(Exercise inputs)

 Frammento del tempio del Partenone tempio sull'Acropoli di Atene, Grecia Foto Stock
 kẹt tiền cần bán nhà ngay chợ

(End Exercise inputs)
(Exercise inputs)

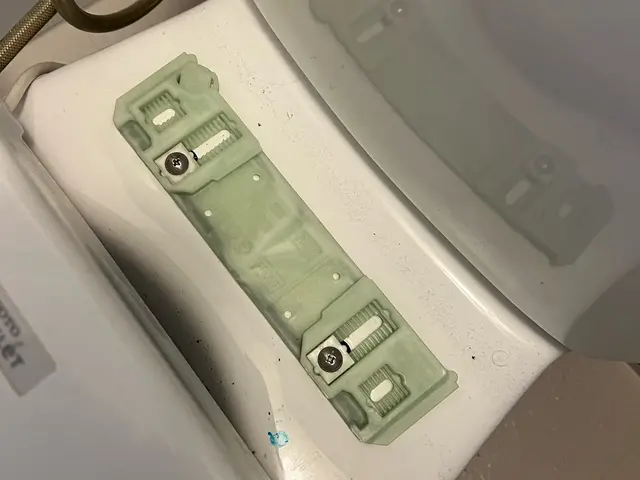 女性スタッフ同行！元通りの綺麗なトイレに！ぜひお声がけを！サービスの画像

(End Exercise inputs)

▸ **Task**: Go through the material above and output exactly the lines from the one containing "Frammento del tempio" through the one containing "kẹt tiền cần bán nhà ngay chợ".

▸ **Completed exercise**:
 Frammento del tempio del Partenone tempio sull'Acropoli di Atene, Grecia Foto Stock
 kẹt tiền cần bán nhà ngay chợ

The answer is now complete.